Le bail doit mentionner le motif de la reprise.
Le logement constitue la résidence principale du locataire :
La durée du bail est de trois ans. Au terme des trois ans, le bail se renouvelle automatiquement par tacite reconduction.
La loi de 1989 en son article 10 l’impose.
Article 10
Modifié par LOI n°2014-366 du 24 mars 2014 - art. 113
Modifié par LOI n°2014-366 du 24 mars 2014 - art. 6
« Le contrat de location est conclu pour une durée au moins égale à trois ans pour les bailleurs personnes physiques ainsi que pour les bailleurs définis à l'article 13 et à six ans pour les bailleurs personnes morales (…) »
Cette durée ne s'impose pas au locataire qui lui peut tout à fait partir en donnant congé à tout moment.
On ne peut pas imposer une durée inférieure, même si le locataire l'accepte au moment où il signe le bail.
Le logement ne constitue pas la résidence principale du locataire :
La durée n'est pas réglementée. Lorsque le logement ne constitue pas la résidence principale du locataire, le bail n’entre pas dans le cadre de la loi de 1989.
Les documents annexes
Des documents sont annexés lors de la signature du contrat de location :
- Le dossier de diagnostic technique
- La notice d’information
- L’état des lieux à l’entrée établi à la remise des clés
- L’attestation d’assurance contre les risques locatifs souscrite par le locataire
- La liste des équipements d'accès aux technologies de l'information et de la communication (câble, fibre...)
- Copie de la grille de vétusté si les parties ont convenu d’en appliquer une
- Extrait du règlement de copropriété si le bien est situé dans un immeuble en copropriété
- Si le logement est situé dans une zone d'habitat indigne, autorisation préalable ou déclaration de mise en location.
Le dossier de diagnostic technique est transmis au locataire par courrier électronique, sauf si le locataire ou le propriétaire s'y oppose
Le diagnostic amiante n'a pas à être annexé au contrat de location, mais doit être tenu à la disposition du locataire qui en fait la demande.
L'extrait du règlement de copropriété fait référence à la destination de l'immeuble, la jouissance des parties privatives et communes ainsi que sur la quote-part afférente au logement loué pour chaque catégorie de charges.
A noter :
La notice d’information est définie par « l’arrêté du 29 mai 2015 relatif au contenu de la notice d'information annexée aux contrats de location de logement à usage de résidence principale »
Article 1
« Le contenu de la notice d'information, jointe aux contrats de location établis suivant les contrats types définis par le décret n° 2015-587 du 29 mai 2015 susvisé est précisé en annexe du présent arrêté. »
Côté bailleur
Le propriétaire qui signe un contrat de location doit être à la fois en capacité juridique et avoir le pouvoir de le faire.
Bailleurs mariés
Le bien loué est un bien commun, l’un ou l’autre peut signer le bail.

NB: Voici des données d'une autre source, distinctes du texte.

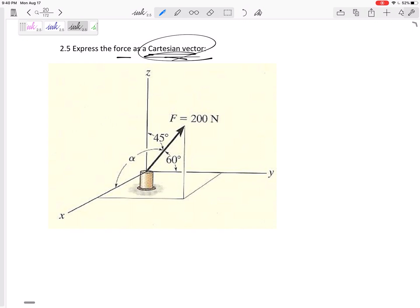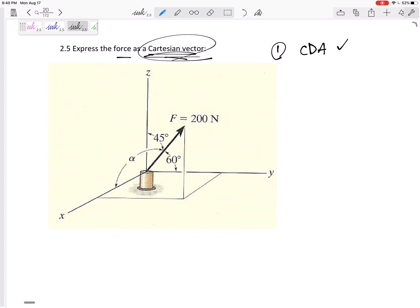All right, so first step: do I notice that these are coordinate direction angles? I have three. It could be spherical, which we'll talk about later. It could be dimensions we'll talk about later. But I notice that alpha is the angle from the force vector to the coordinate axes. So yes, these are coordinate direction angles.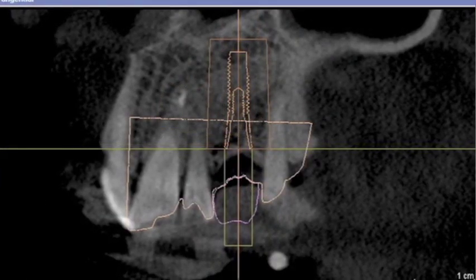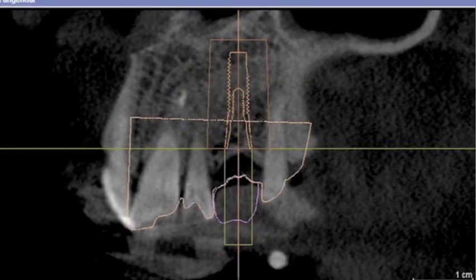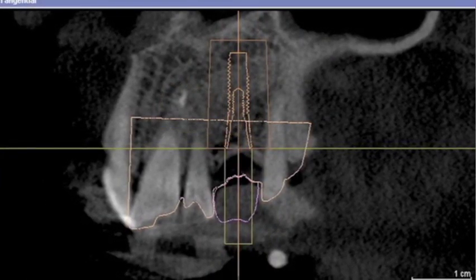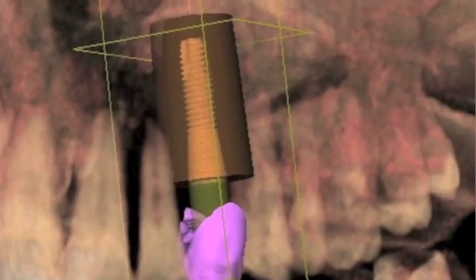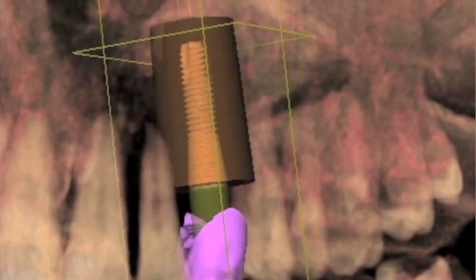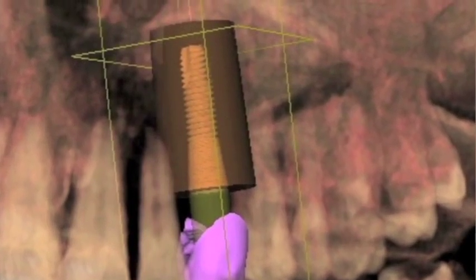With this integration, we're actually able to plan the implant placement relative to the CEREC crown — ideal surgery and ideal restoration.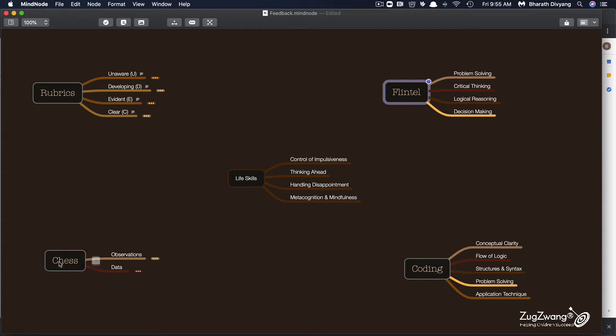Here I've taken examples of chess and coding and trying to see what is the deep dive into that particular subject. But again, we wrap it up by looking at what we call as life skills. One of the biggest problems with most kids today is their ability to control their impulse. Many kids' first tendency is to jump to conclusion when it comes to solving a problem.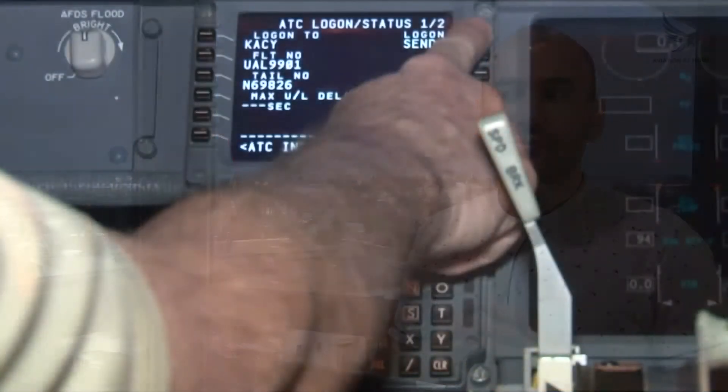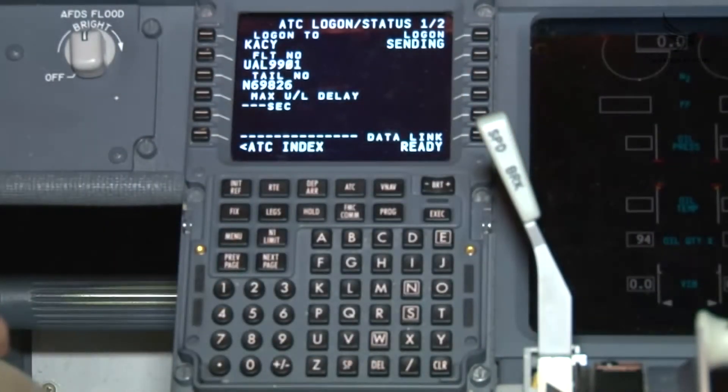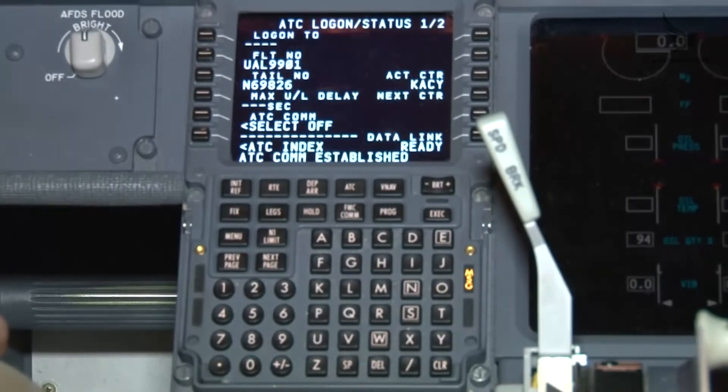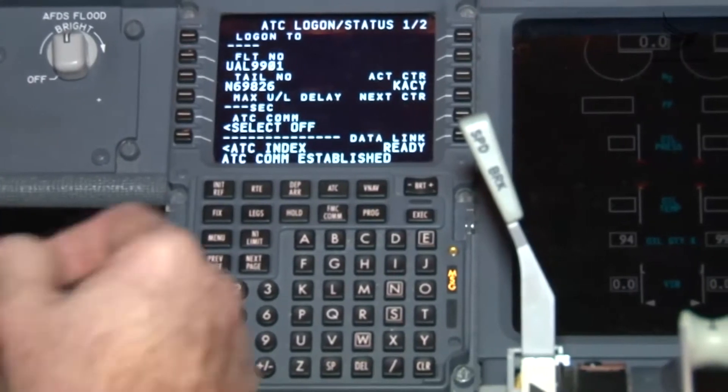Log on means getting online with CPDLC and sending the first message to the ATC unit to let them know you are using CPDLC — even though it is already written in the ATC flight plan. When you send a log on message, the ATC unit will accept it. Sometimes we fly in regions where the first FIR unit is not using CPDLC. For example, flying from Bulgaria to somewhere crossing the Prague FIR — Bulgaria does not use CPDLC, so we do not log on until we reach Prague.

La signature des deux est préférable pour éviter une contestation future.
L’article 1425 du civil précise :
« Les époux ne peuvent, l'un sans l'autre, donner à bail un fonds rural ou un immeuble à usage commercial, industriel ou artisanal dépendant de la communauté. Les autres baux sur les biens communs peuvent être passés par un seul conjoint et sont soumis aux règles prévues pour les baux passés par l'usufruitier. »
C’est le cas pour une location au titre de la résidence principale.
Le bien loué est un bien propre à l’un des époux, seule la personne concernée peut le donner en location.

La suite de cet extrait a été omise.